Segment Start: Provided information
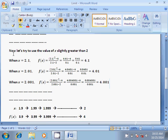Now let us try to use the value of x slightly greater than 2. When we substitute x equal to 2.1 in the function we get f(x) equal to (2.1²-4)/(2.1-2), which is equal to (4.41-4)/(0.1), which is equal to 0.41/0.1, and that is equal to 4.1.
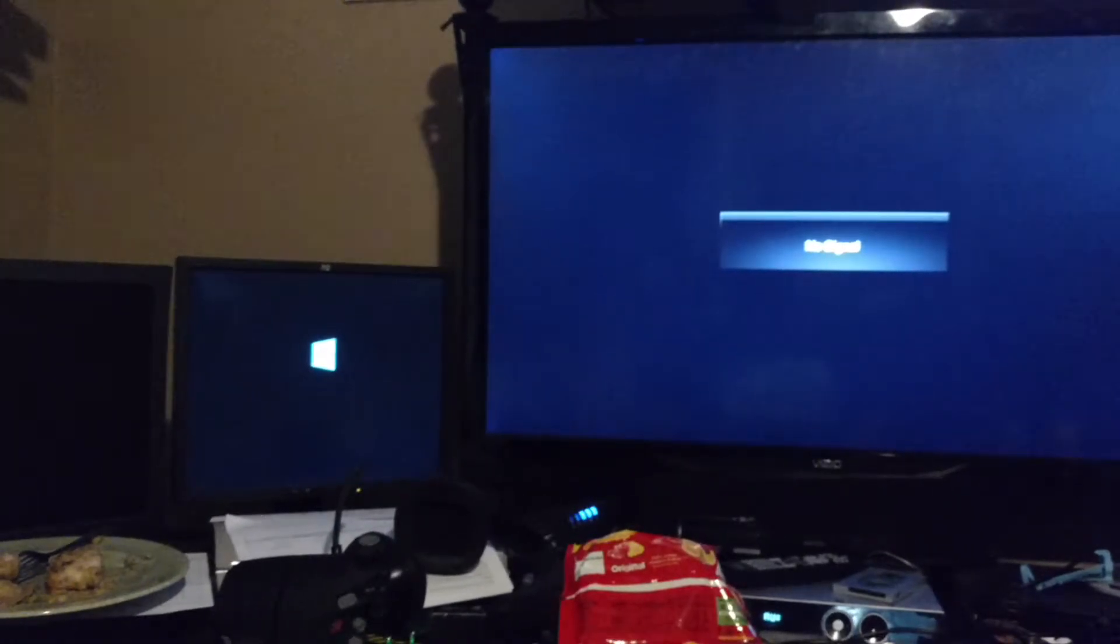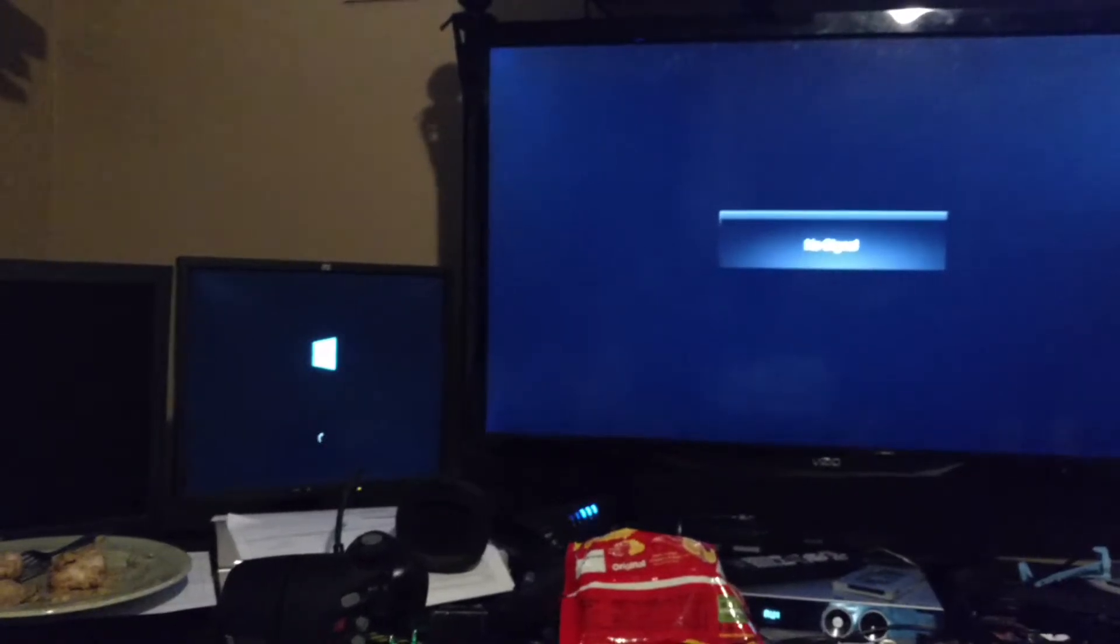20 seconds. Already loading Windows. 20 seconds in. 30 seconds.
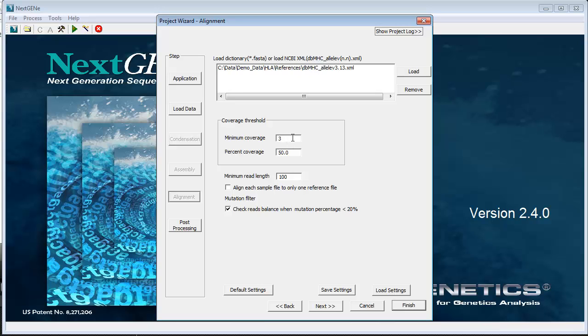Minimum coverage is the minimum number of reads required to be matched to an allele for the allele to be reported.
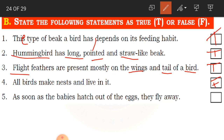Fifth true/false statement: As soon as the babies hatch out of the eggs, they fly away. This is False — the babies are very weak and do not have feathers yet, so they cannot fly away immediately after hatching.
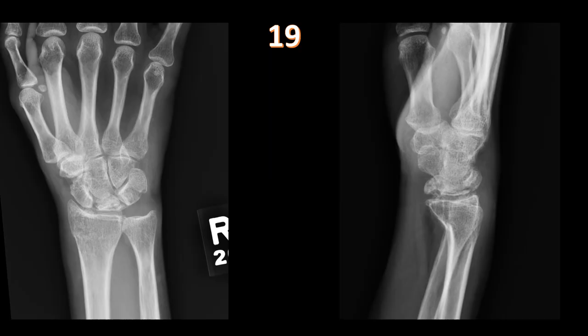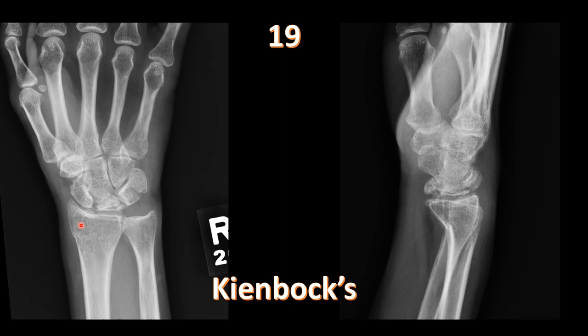AP and lateral views of the wrist show collapse and increased sclerosis of the lunate — advanced Kienböck's disease, which is avascular necrosis of the lunate. This falls under the osteochondroses — abnormalities of cartilage and bone. Many osteochondroses have eponyms and are caused by vascular infarcts, microtrauma, or a combination. Kienböck's disease is associated with an ulnar-negative variant.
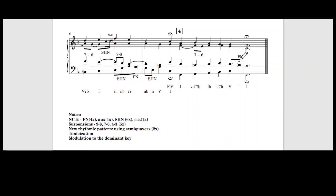The most interesting thing is he introduced semi-quavers — here and in bar six. Two types. You may compare these two versions and see which one you like. But most importantly, we know how to use non-chord tones, suspensions, tonicization, and modulations.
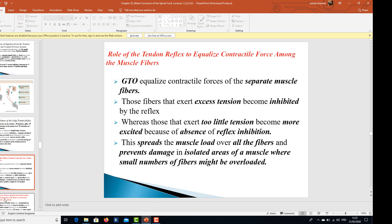The role of the tendon reflex is to equalize contractile force among muscle fibers. The Golgi tendon organ equalizes the contractile forces of separate muscle fibers — those fibers that exert excess tension become inhibited by the reflex, whereas those that exert too little tension become more excited due to absence of reflex inhibition. This spreads the muscle overload over all the fibers and prevents damage in isolated areas of a muscle where a small number of fibers might be overloaded.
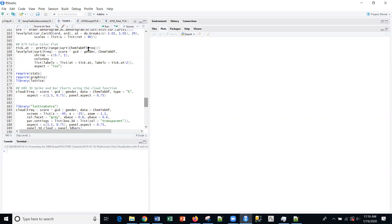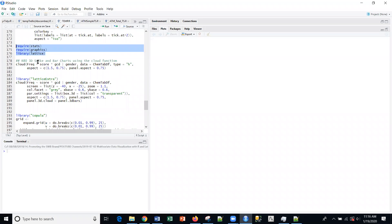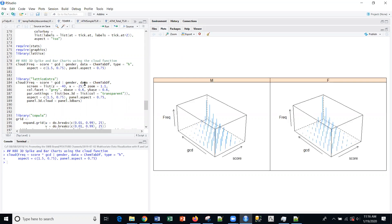We've already loaded up this chem tab data and I've also loaded these packages as well. Now we're going to do a very quick video on spike and bar charts using the cloud function. This is part of the tri-variate stuff that I've been doing and we're going to look at 3D visualization here.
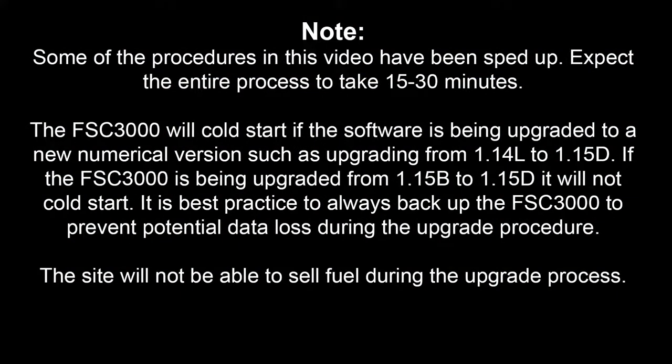Expect the entire process to take 15 to 30 minutes. The FSC3000 will cold start if the software is being upgraded to a new numerical version, such as upgrading from 1.14L to 1.15D.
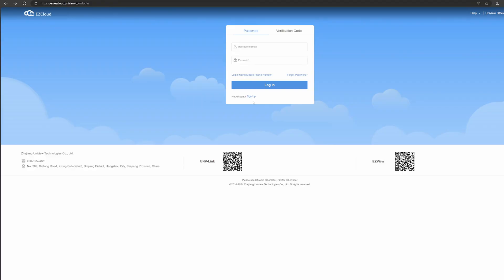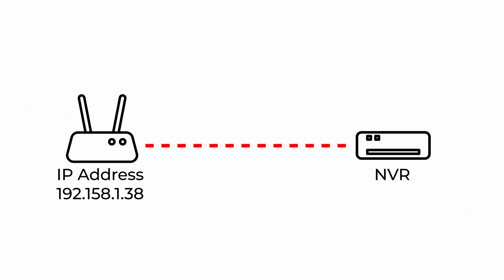Usually, we recommend creating an Easy Cloud account to access your Uniview NVR. This is the easiest way to access your device since you don't have to configure any ports on your router. However, if you want a bit more control over your device, you can connect directly to your NVR using the external IP address of your router. Logging into your NVR using the IP address is typically faster and more secure.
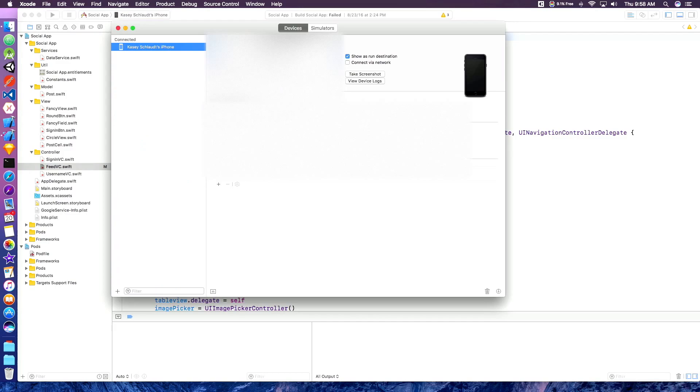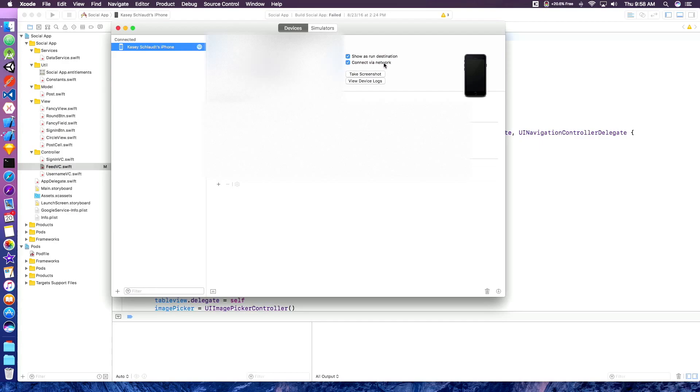This is going to pop up a screen. I'm going to have some information right here blurred out because that is pretty serious information for your phone. But then this little checkbox right here, connect via network.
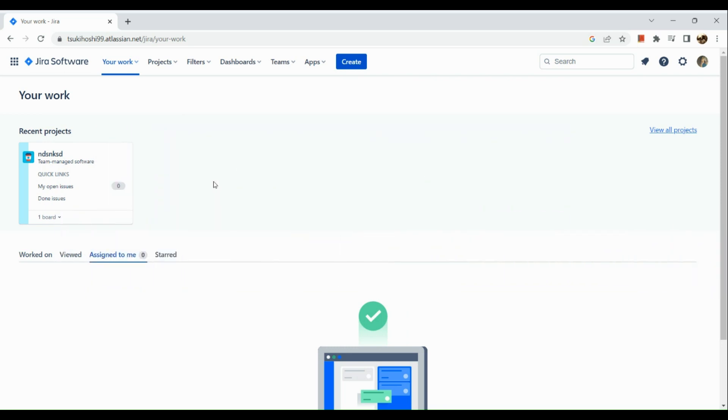How to create a dashboard on Jira. Hi guys, the first thing we're going to do is simply open our browser, go to atlassian.net, and sign in to your Jira account. Once you've logged in, you will be routed to your home page.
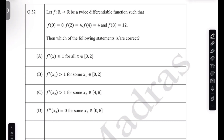So f is a twice differentiable function with the given properties: f(0) = 0, f(2) = 4, f(4) = 4, and f(8) = 12. Then it's asked about which of the following statements are true or not. This is IIT JEE MMS 2024, problem number 32. The question is all about the derivatives — the first derivative or the second derivative.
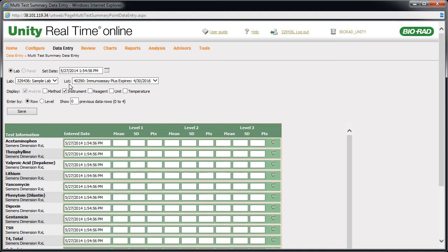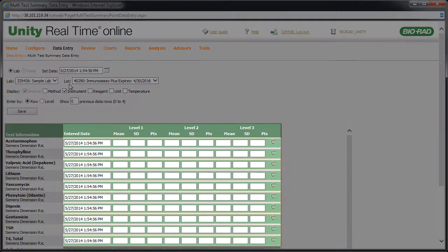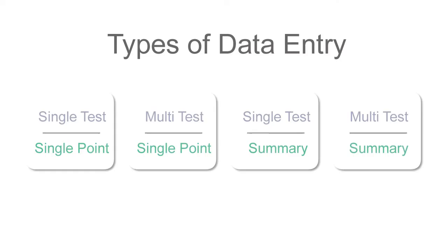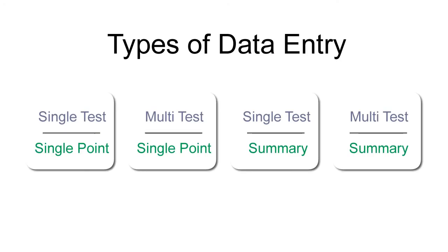The difference is that here you can enter the mean, SD, and number of points for each test. Now that we've looked at all four types of data entry, choose what's right for you.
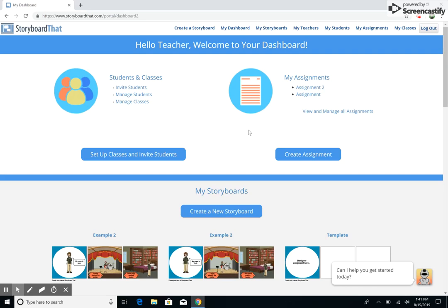Welcome to Storyboard That Education Edition. Today I will be showing you around our new and improved My Assignments page. I will point out focus areas with my cursor. Let's get started.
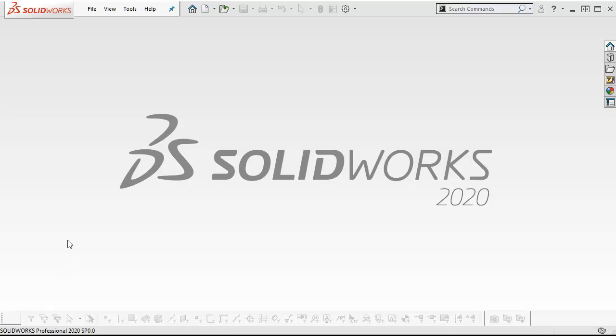I'm going to be using SOLIDWORKS 2020 CAM and CAMWORKS 2020 demo. We're going to see if there's any major differences between them.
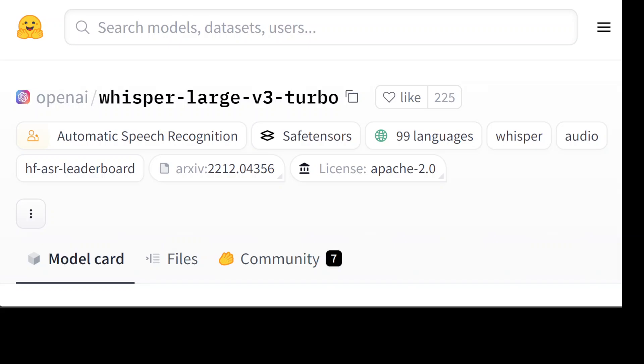It's primarily a fine-tuned version of a pruned Whisper Large Version 3 model. It's the exact same model except that the number of decoding layers have been reduced from 32 to 4. The model is way faster and there's a very minor quality degradation which is very ignorable.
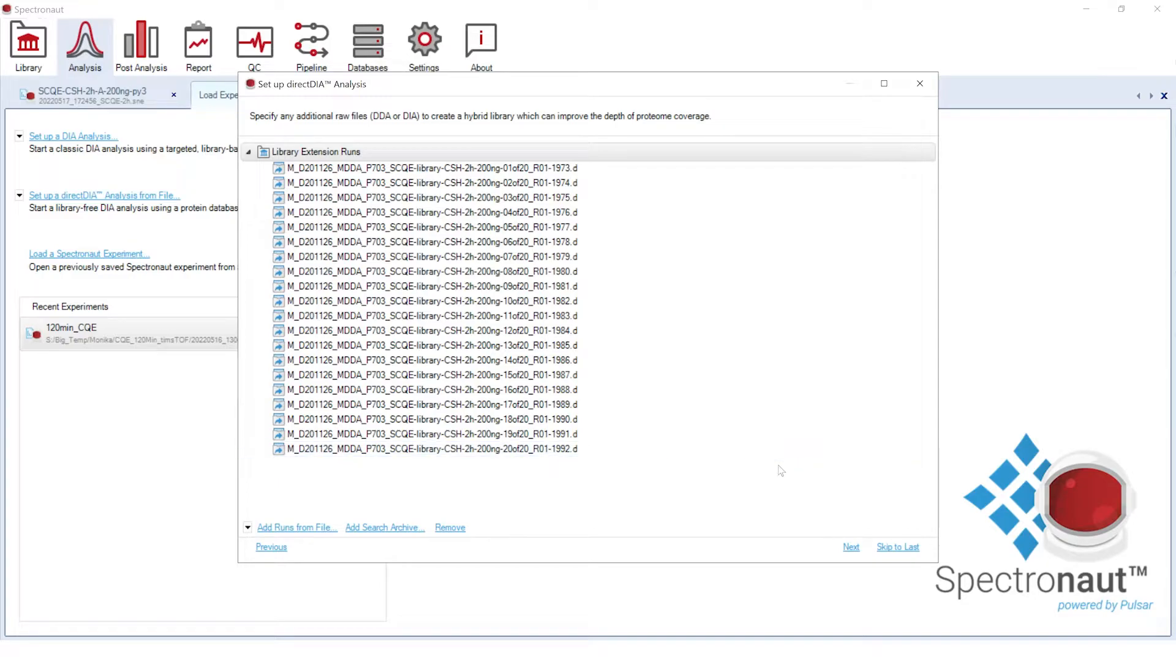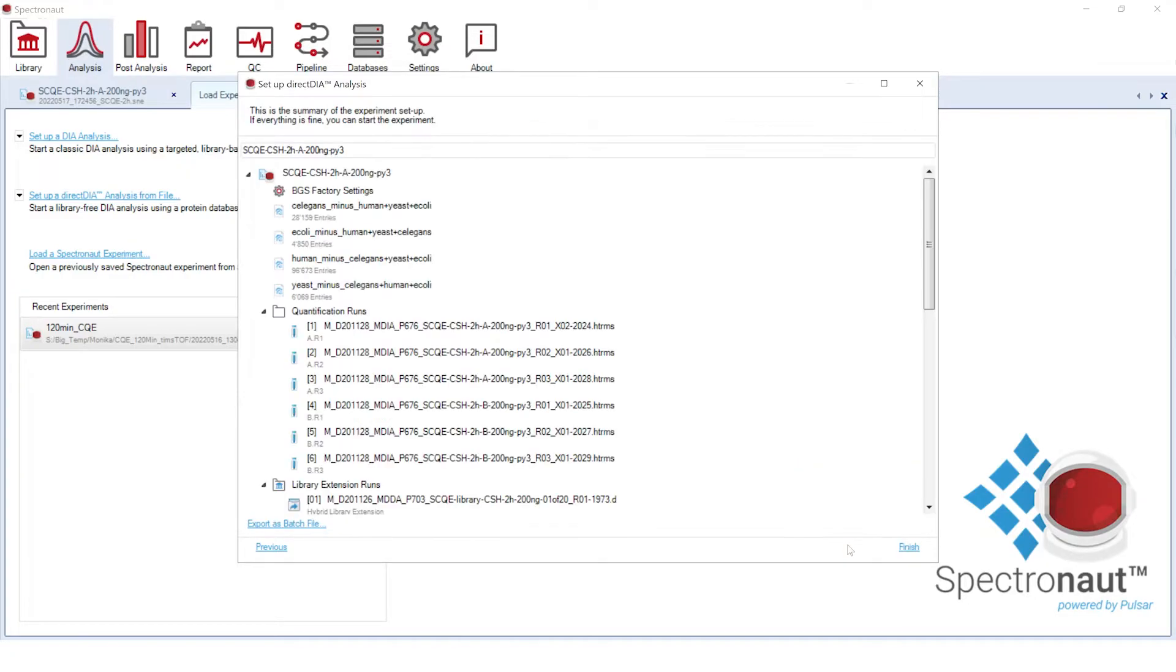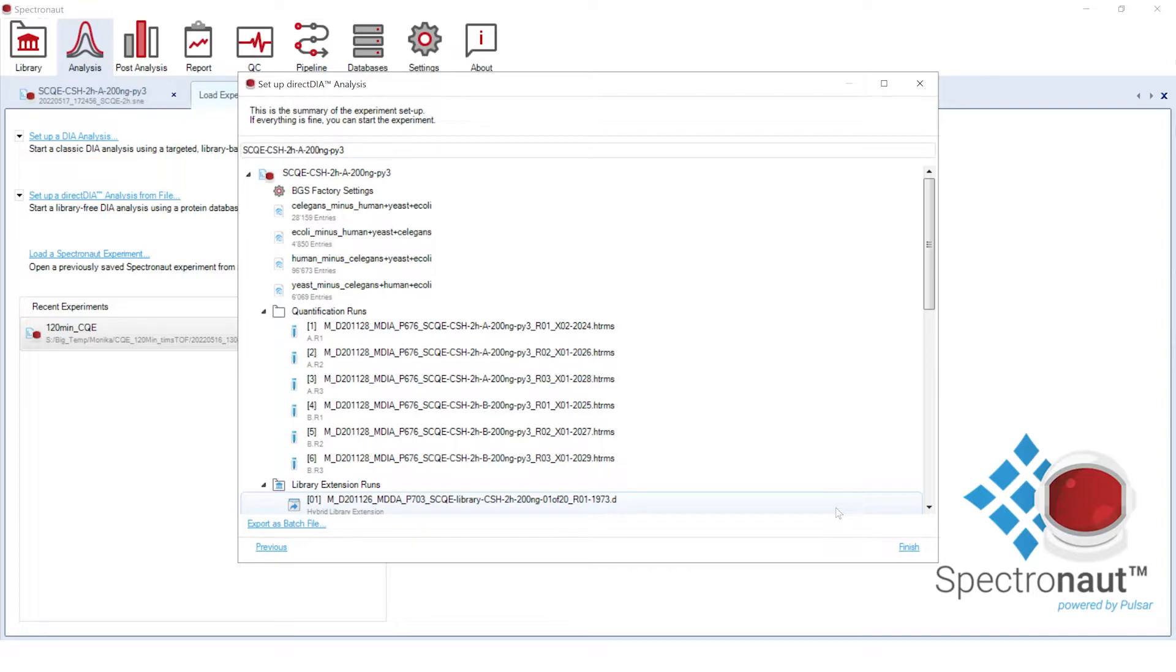Now we are ready to start the analysis. By default, Spectronaut will also generate search archives from the Pulsar search performed for this analysis. Those search archives will be available to enrich spectral libraries of future experiments.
Segment End: Provided information
* **Instructions for the task**
Word for word, give again the lines from the first entry to the line with "AP and lateral", inclusive. Exclude the pictures.

* **Answer section**
Now let us try to use the value of x slightly greater than 2. When we substitute x equal to 2.1 in the function we get f(x) equal to (2.1²-4)/(2.1-2), which is equal to (4.41-4)/(0.1), which is equal to 0.41/0.1, and that is equal to 4.1.
20 seconds. Already loading Windows. 20 seconds in. 30 seconds.
Minimum coverage is the minimum number of reads required to be matched to an allele for the allele to be reported.
Fifth true/false statement: As soon as the babies hatch out of the eggs, they fly away. This is False — the babies are very weak and do not have feathers yet, so they cannot fly away immediately after hatching.
AP and lateral views of the wrist show collapse and increased sclerosis of the lunate — advanced Kienböck's disease, which is avascular necrosis of the lunate. This falls under the osteochondroses — abnormalities of cartilage and bone. Many osteochondroses have eponyms and are caused by vascular infarcts, microtrauma, or a combination. Kienböck's disease is associated with an ulnar-negative variant.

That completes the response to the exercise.